28 Sep 2017

 

 

VENUE: UNSW, Art and Design, Paddington Campus

216 Westbound examines the physical and psychological effect of a terrorist attack at the level of embodied experience, media reporting and the machinery of State control.
About

The video by Shona Illingworth explores how the effects of PTSD (Post Traumatic Stress Disorder) experienced by John Tulloch, an Australian survivor of 7/7 London bombings, can amplify another, less visible but powerful effect of the attacks: the mapping of a topography of latent threat and fear onto space. The explosion caused dramatic shifts in John’s sensory perception of time and space, his body embedded with fragments of glass, his eardrums ruptured, he is unable to look up at the sky.

The assault on his body and sense of self was further exacerbated through the subsequent global media dissemination of an image of his injured body, which was used to promote the 90 days without charge anti-terror bill, a move that he strenuously opposed. The video moves from trauma trapped inside the body through the loss of agency and appropriation of voice to the institution of State powers of constraint and examines the intensification of a sense of threat, diminished personal space, and the hyper-vigilance that results.

Banner image credit: Shona Illingworth, 216 Westbound 2014. Digital video still. Commissioned by Animate Projects.

Artist Biography

Shona Illingworth

Shona Illingworth is a Danish Scottish artist who works across a range of media including video, sound, photography and drawing.
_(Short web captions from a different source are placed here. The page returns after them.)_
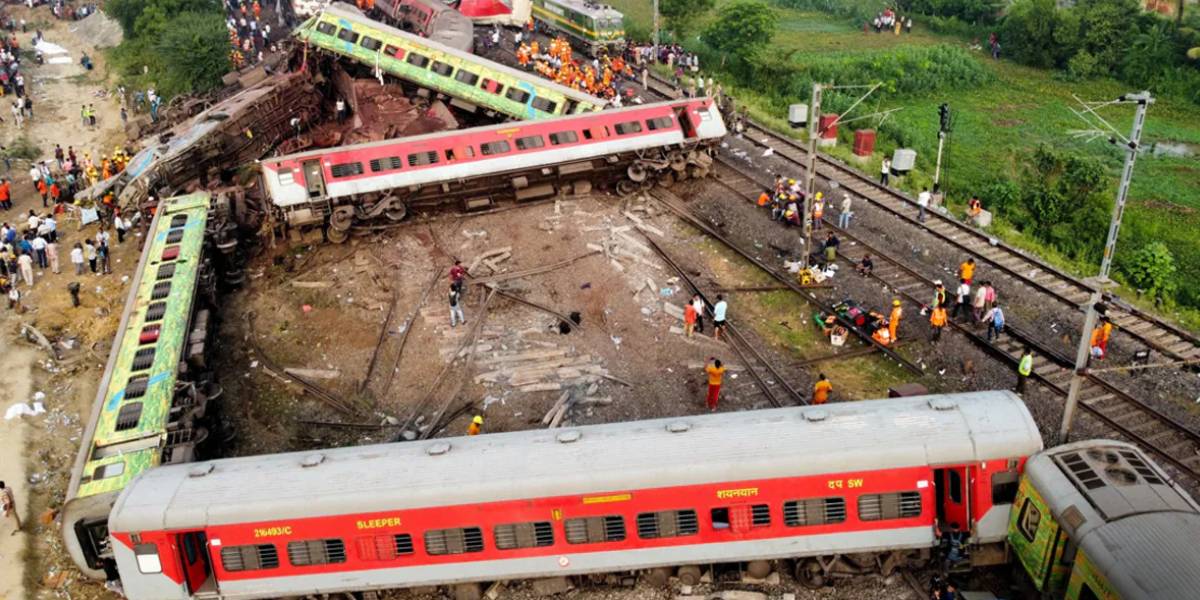 Odisha Train Accident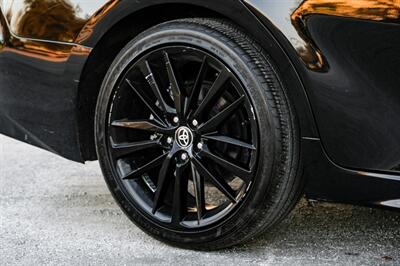 2022 Toyota Camry XSE   - Photo 43 - Dallas, TX 75220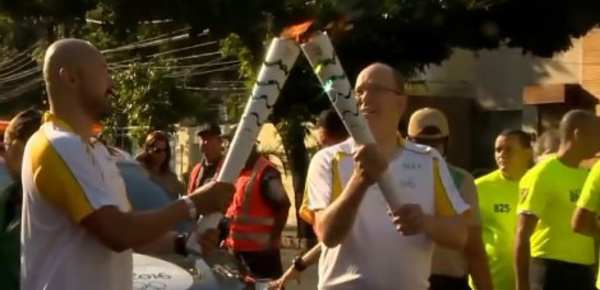 Actus de Monaco août 2016 - 2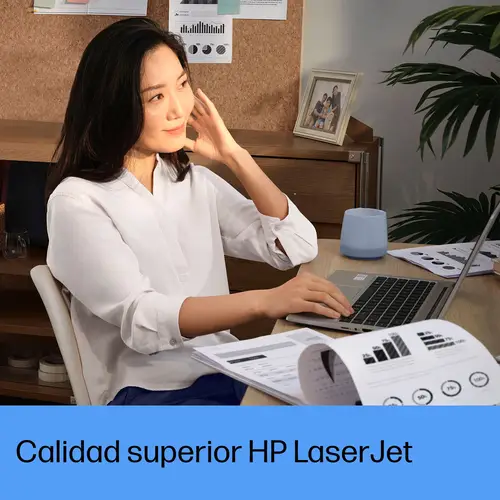 LaserJet Impresora Tank 1504w - Imagen 11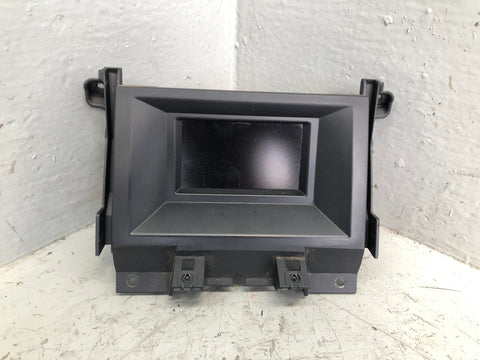 Discovery 4 Display Screen LCD Radio Land Rover BJ32-18B955-AE 2009 to 2014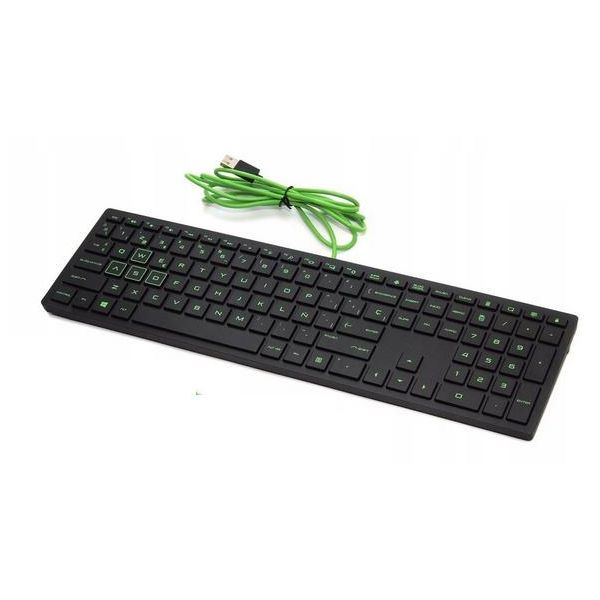 HP Power Cheddar USB KB TURK (L20803-141)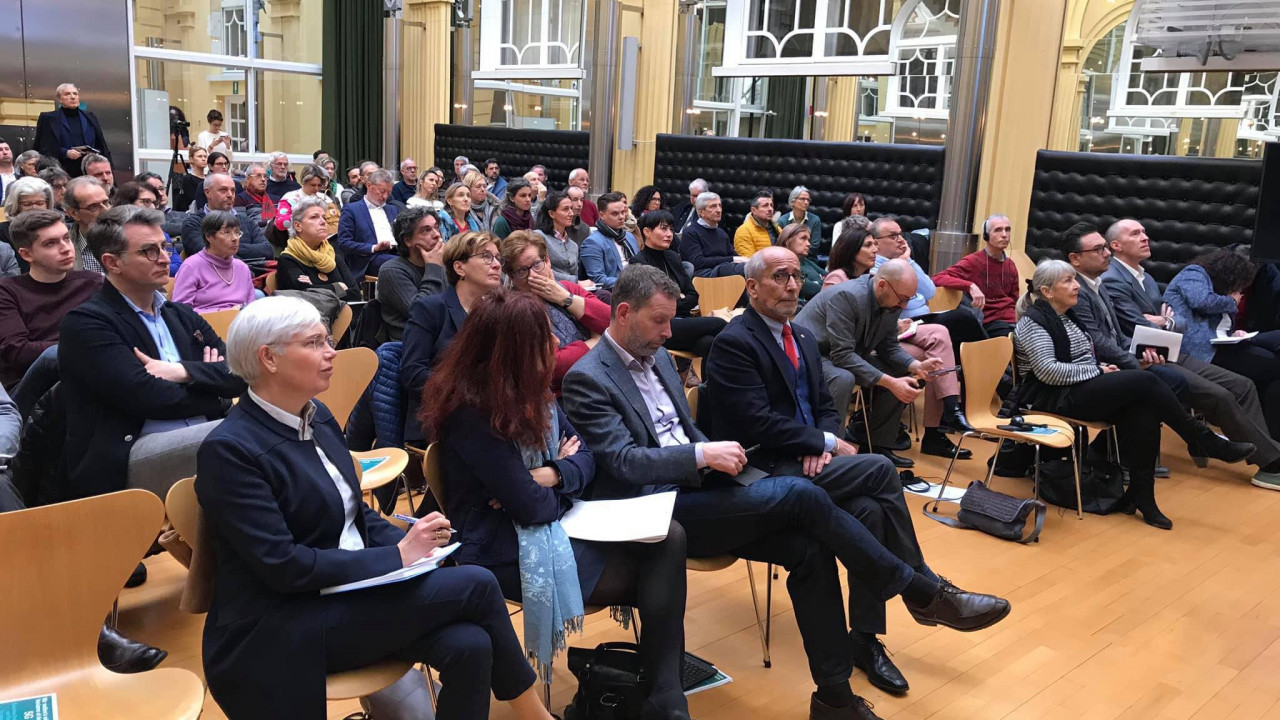 5g convegno Provincia Bolzano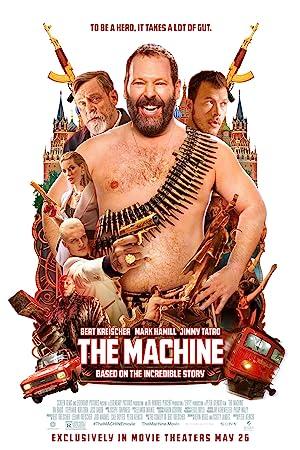 Makine 2023 izle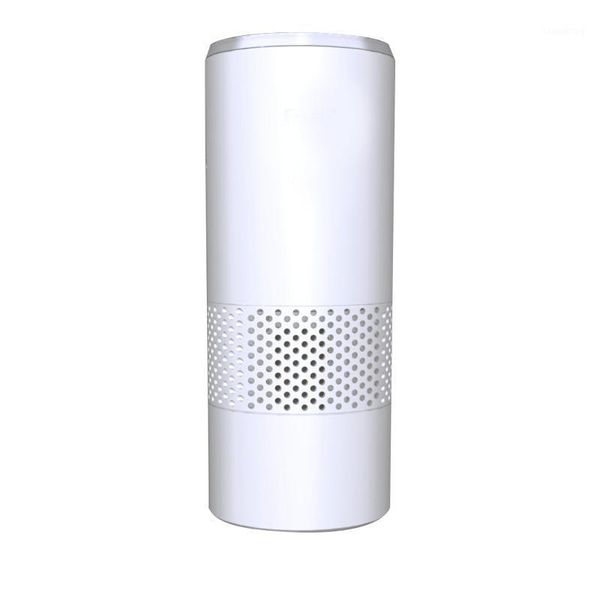 

2020 home smart car air purifier car air cleaner hepa filter low noise purifiers1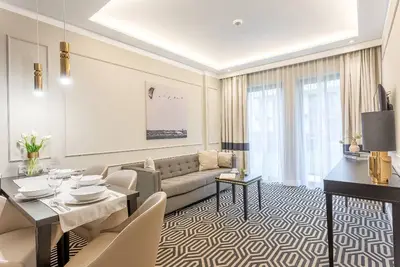 Image de Appartement de vacances Swinemünde pour 1 - 4 personnes avec 1 chambre à coucher - Appartement de va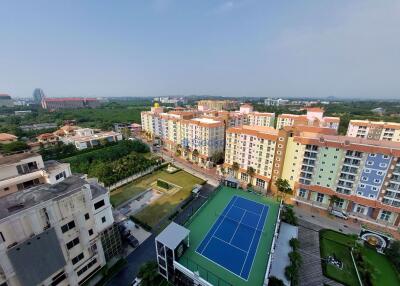 Studio Condo in The Riviera Monaco Pattaya Na Jomtien C009917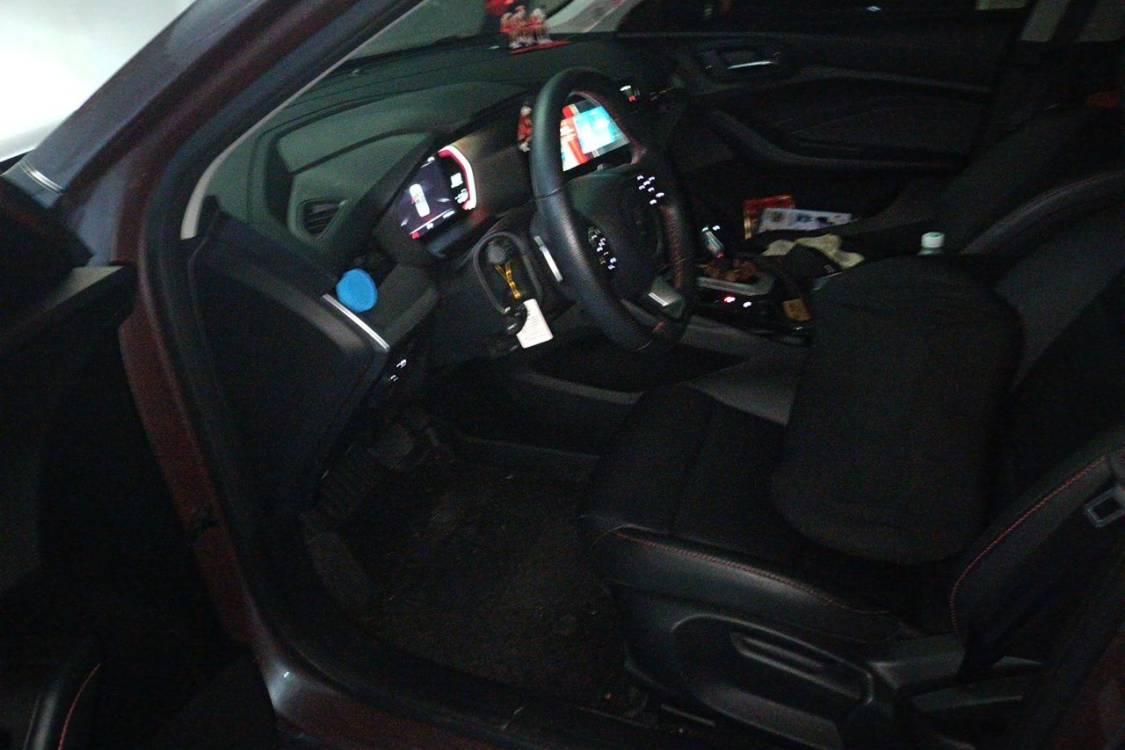 MG 5 2021 car image #23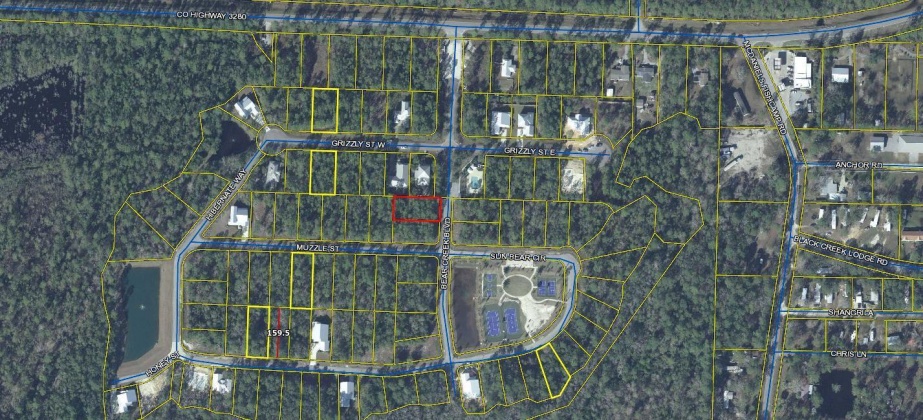 Freeport, Florida 32439, ,Land,For Sale,Bear Creek,863236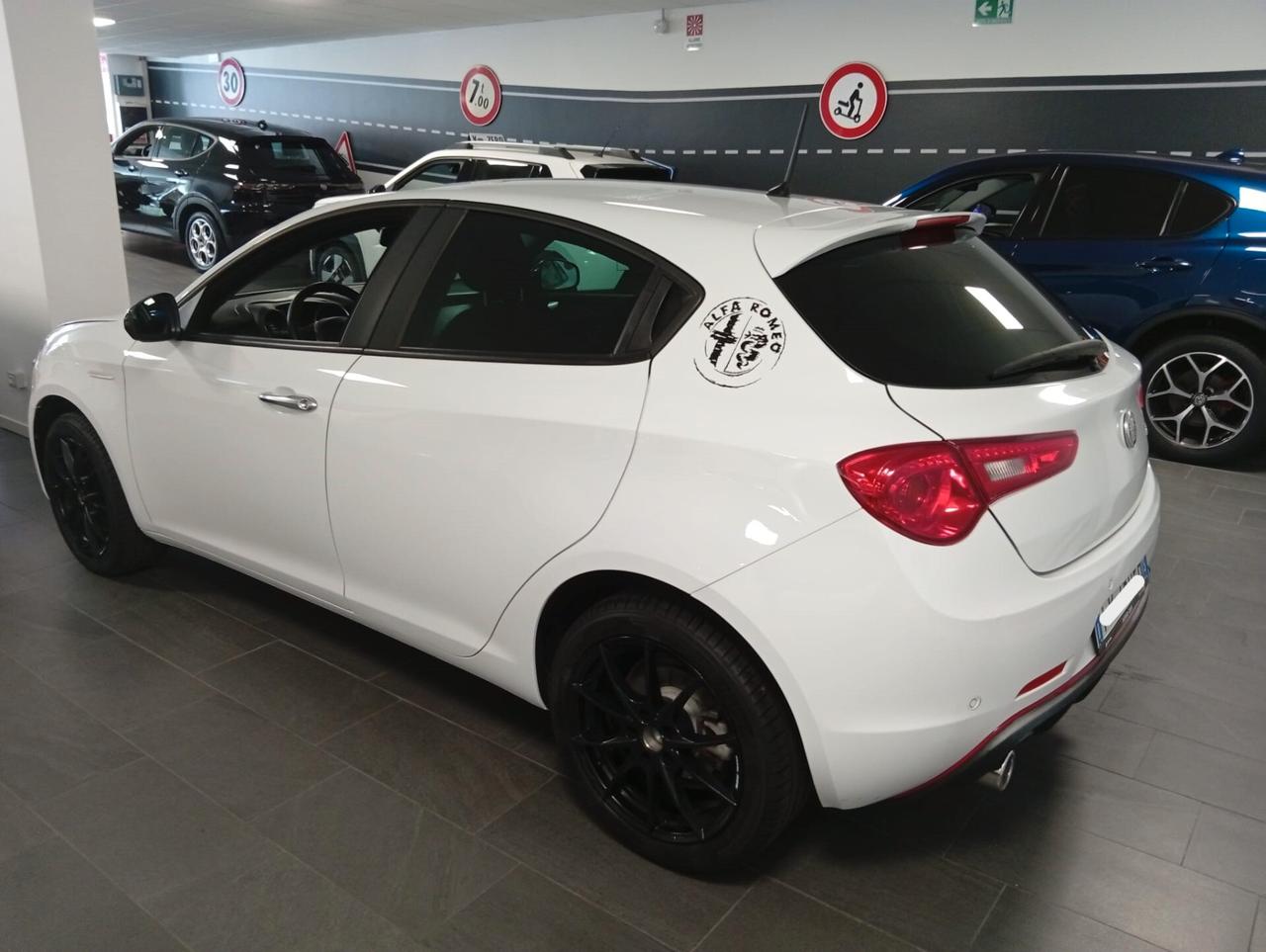 Alfa Romeo Giulietta 2.0 JTDm 150 CV Super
She is known for her immersive video and multi-channel sound installations, and evocative, research-led practice in which she explores the dynamic processes of memory, cultural erasure and construction of histories in situations of social tension and trauma. Her work has been exhibited internationally, with shows at the Museum of Modern Art, Bologna, FACT, Liverpool, UNSW Galleries, Sydney and the Wellcome Collection, London. She has received high profile commissions from Film and Video Umbrella, the Hayward Gallery, London and Channel 4 Television. Upcoming exhibitions include the Imperial War Museum, London, and a book on her recent work will be published in 2018.